**Your assignment:**
Each line below should be restated exactly, with nothing dropped.

**Data provided:**
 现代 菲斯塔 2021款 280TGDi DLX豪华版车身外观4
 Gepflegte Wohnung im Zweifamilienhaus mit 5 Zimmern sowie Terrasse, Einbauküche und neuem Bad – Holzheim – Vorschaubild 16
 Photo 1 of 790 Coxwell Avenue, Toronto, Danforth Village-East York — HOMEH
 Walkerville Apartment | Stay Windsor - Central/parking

**Your solution:**
 现代 菲斯塔 2021款 280TGDi DLX豪华版车身外观4
 Gepflegte Wohnung im Zweifamilienhaus mit 5 Zimmern sowie Terrasse, Einbauküche und neuem Bad – Holzheim – Vorschaubild 16
 Photo 1 of 790 Coxwell Avenue, Toronto, Danforth Village-East York — HOMEH
 Walkerville Apartment | Stay Windsor - Central/parking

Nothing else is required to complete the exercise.